This excerpt taken from the DDDC 8-K filed Feb 12, 2009.
Definitions. As used in this Warrant, the following terms shall have the meanings set forth below:
(a) “Affiliate” means any person that, directly or indirectly, through one or more intermediaries, controls, is controlled by, or is under common control with, a person, as such terms are used and construed under Rule 144 promulgated under the Securities Act.
(b) “Exercise Price” means $0.04 per share (as the same may be adjusted from time to time pursuant to the terms of this Warrant).

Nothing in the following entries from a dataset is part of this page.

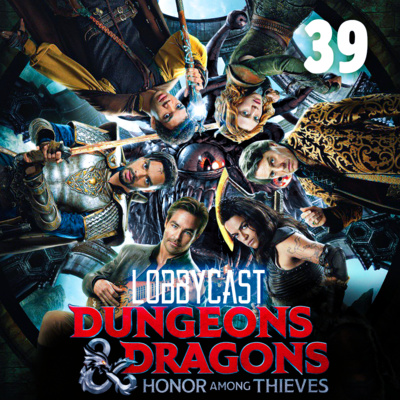 LobbyCast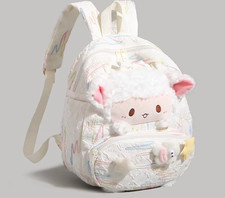 Borsa a tracolla carina per
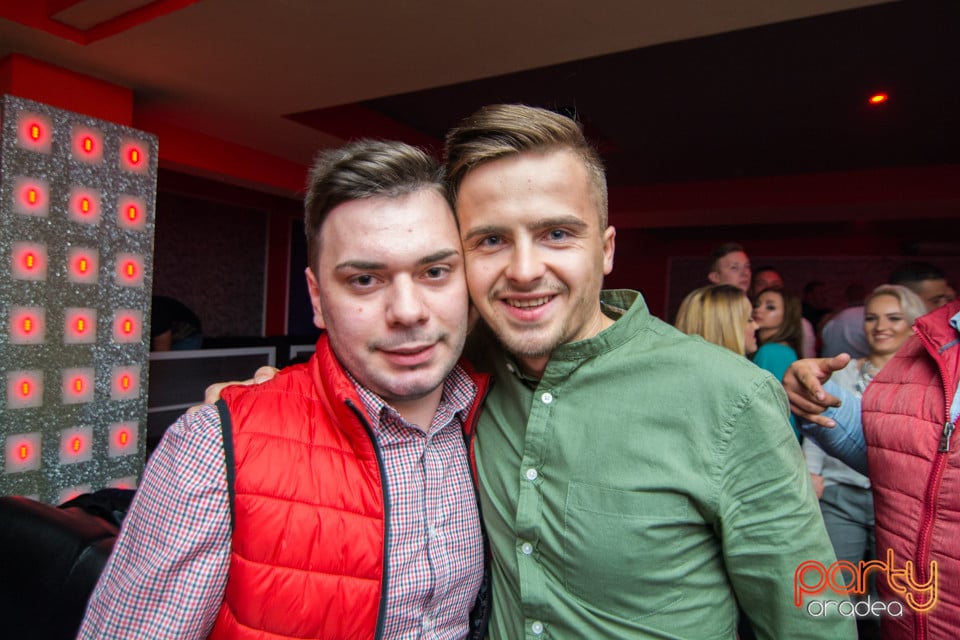 Paștele în Club LIFE, 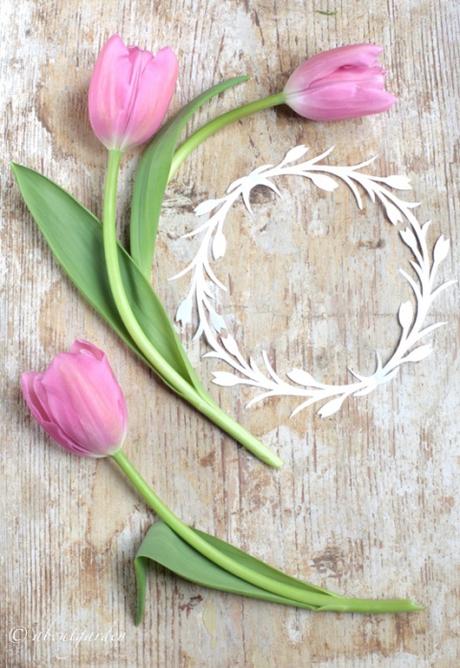 annotazioni creative #aprile2016 paper cut aprile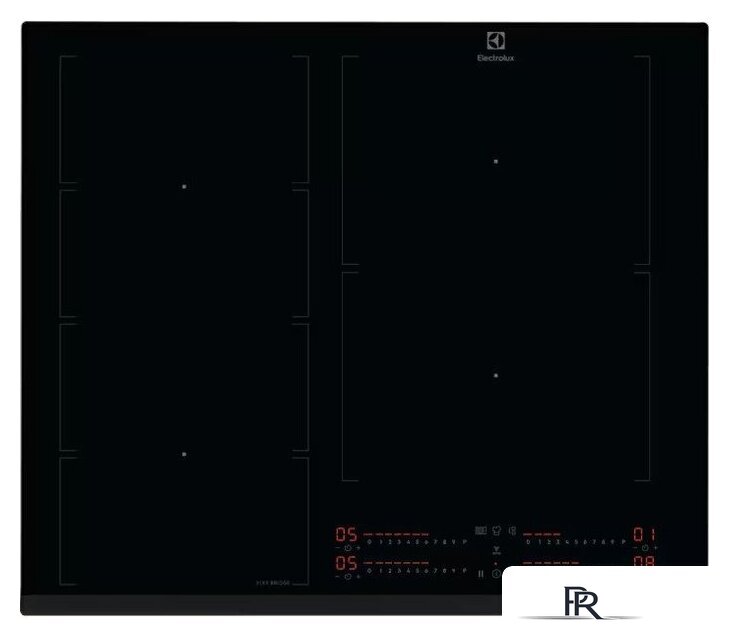 Варочная панель Electrolux CIV64453 - Изображение №1 — Интернет-магазин ПроЗаказ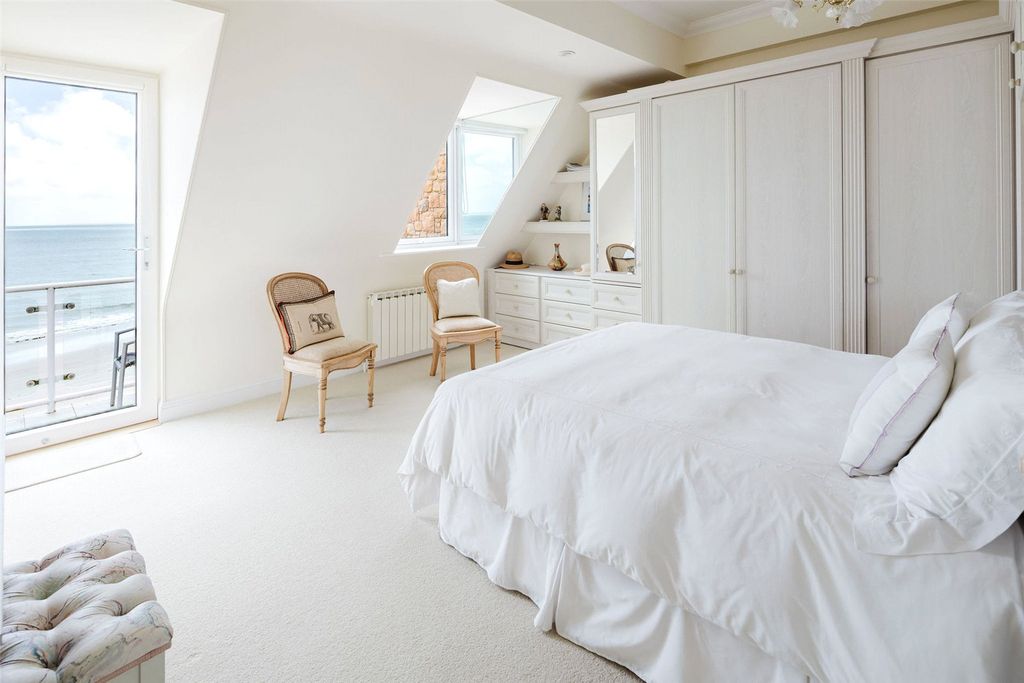 Additional image 20 of 3 bed flat for saleLongbeach, Gorey Coast Road, Jersey JE3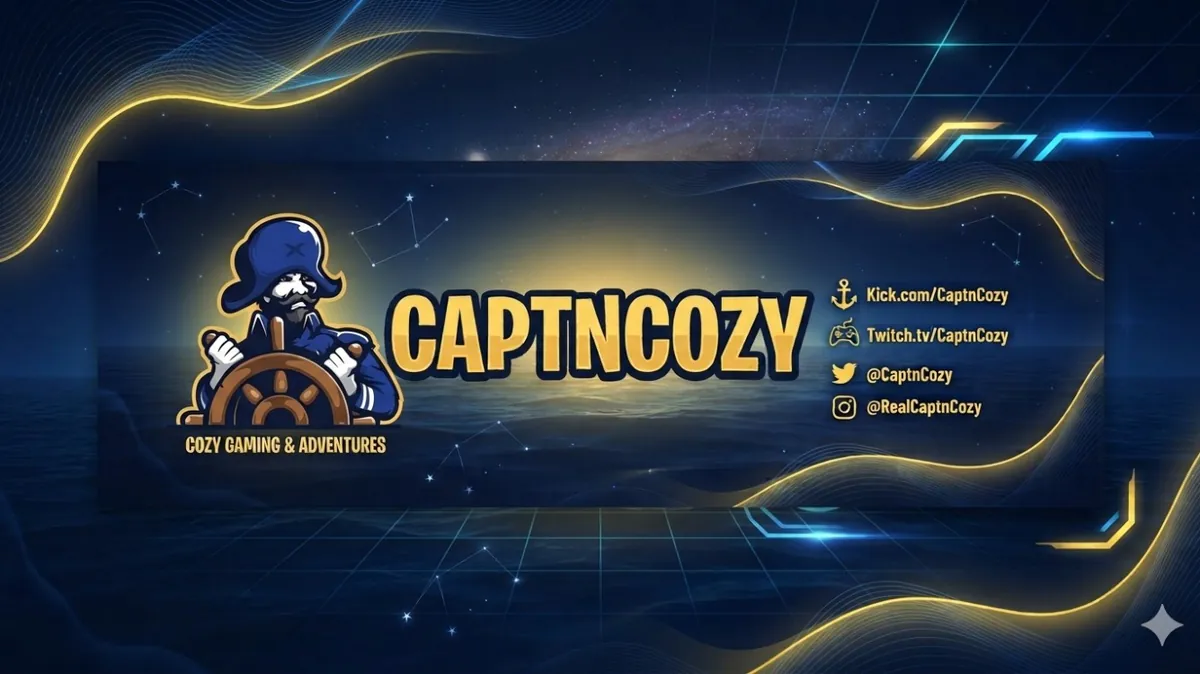 CaptnCozy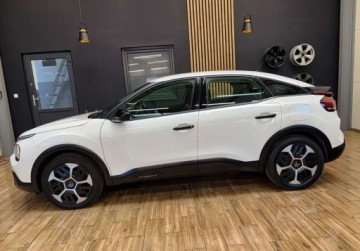 Citroen 2021 Citroen C4 130KM AUTOMAT navi BEZWYPADKOWY 55.000km gwarancja perfekcyjny, zdjęcie 10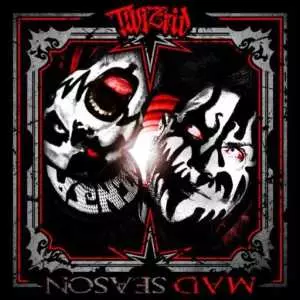 Twiztid - Mad Season музыку скачать Twiztid - Mad Season музыку торрент
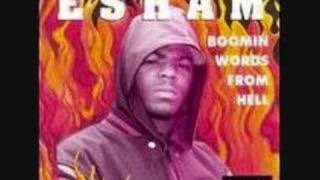 ESHAM / DEVIL'S IN THE SOUP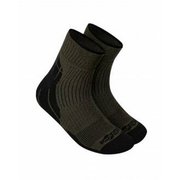 Korda Coolmax Socks MK2 Olive Black Uk 7-9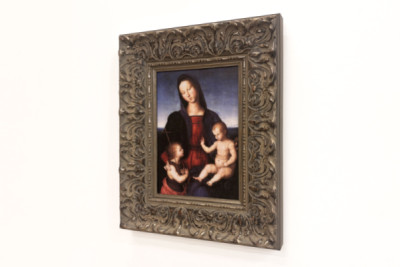 Diotalevi Madonna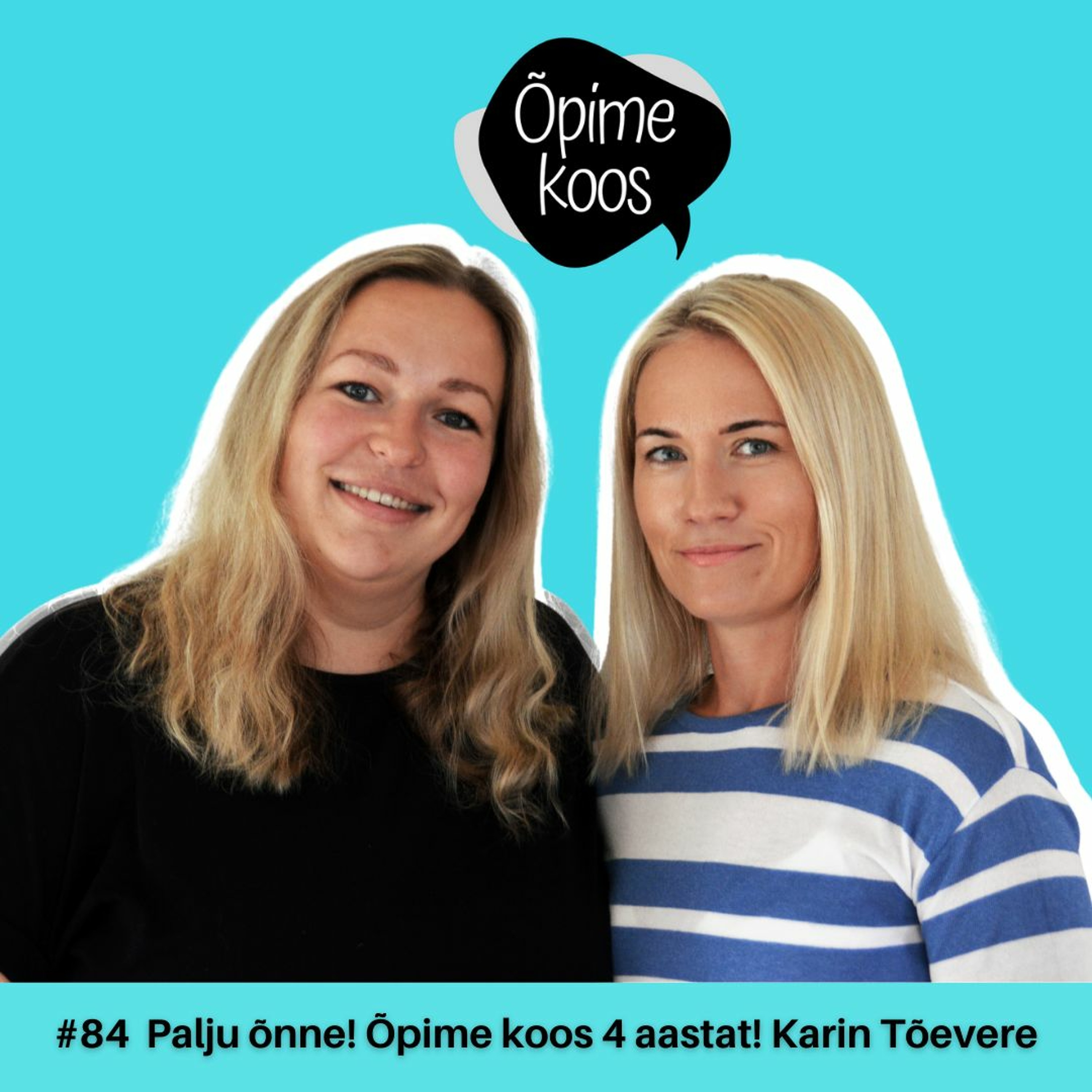 Õpime koos
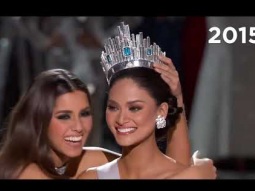 TOP 5 Crowning Moments! **POWERFUL**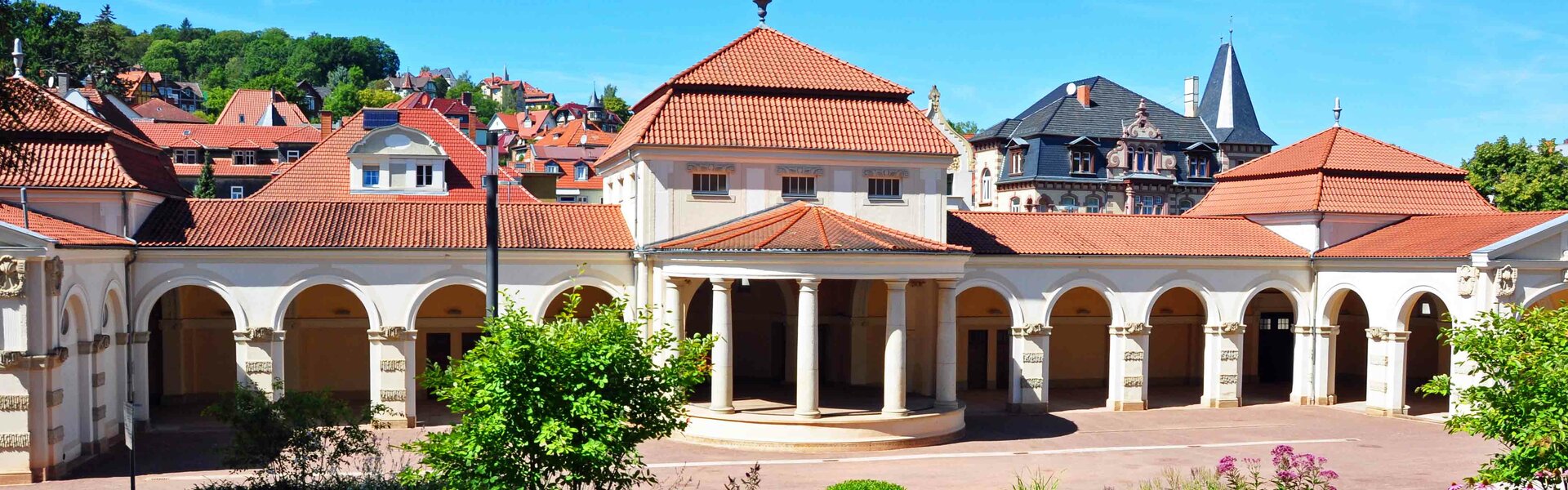 Karthausgarten Eisenach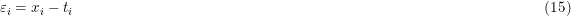 Equation 15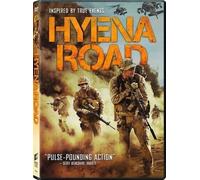 Hyena Road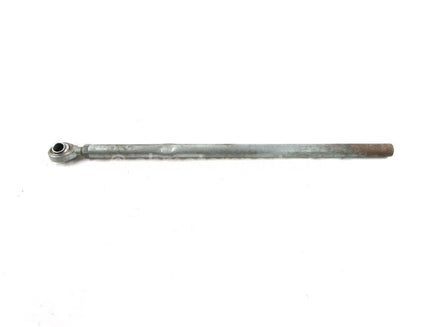 A used Tie Rod from a 2003 RX-1 Yamaha OEM Part # 8FA-23831-00-00 for sale. Yamaha snowmobile parts… Shop our online catalog… Alberta Canada!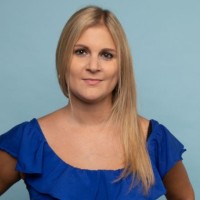 Mediabox AG Employee Jeanne Sutter's profile photo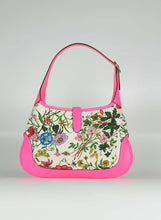 Load image into Gallery viewer, Gucci Borsa Jackie 1961 fucsia
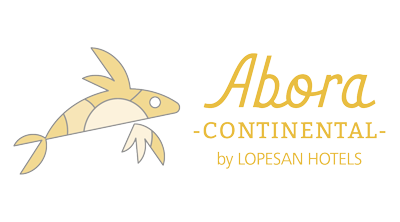 Abora Continental Logo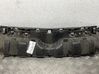 Front bumper splitter molding 51880201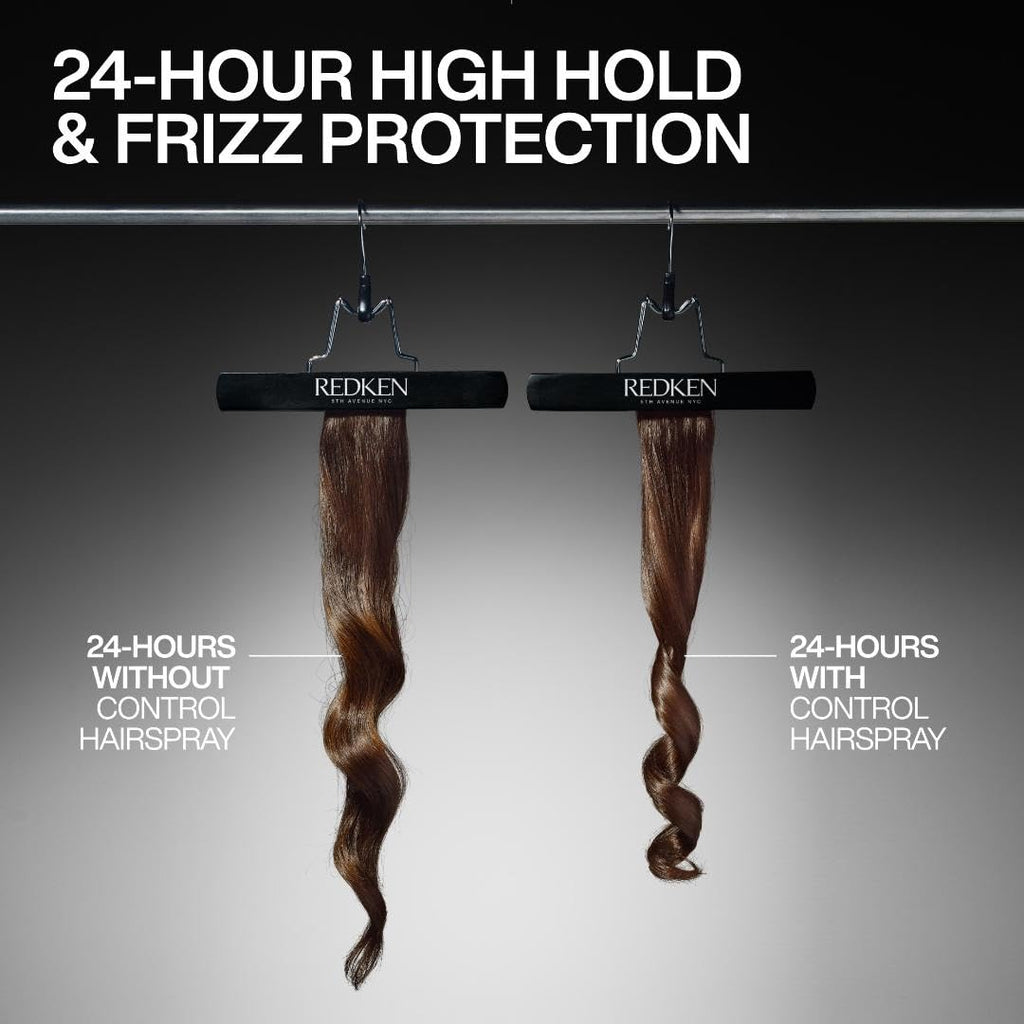 Hair Spray Y700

(c) “Fair Market Value” means, on any particular date (a) if the Common Stock is then traded on a securities exchange, the average of the closing prices of such Common Stock on such exchange over the five trading day period ending on such date, (b) if the Common Stock is then regularly traded over-the-counter, the average of the closing sale prices or secondarily the closing bid of such Common Stock over the five trading day period ending on such date, or (c) if there is no active public trading market for the Common Stock, the fair market value of one share of the Warrant Shares as determined in good faith by the Board of Directors of the Company.
(d) “Person” (whether or not capitalized) means an individual, entity, partnership, limited liability company, corporation, association, trust, joint venture, unincorporated organization or any other form of entity not specifically listed herein, and any government, governmental department or agency or political subdivision thereof.
(e) “Securities Act” means the Securities Act of 1933, as amended, and all of the rules and regulations promulgated thereunder.
(f) “Warrant” means this Warrant and all stock purchase warrants issued in exchange therefor pursuant to the terms thereof.
(g) “Warrant Shares” means the shares of Common Stock issuable upon exercise of this Warrant.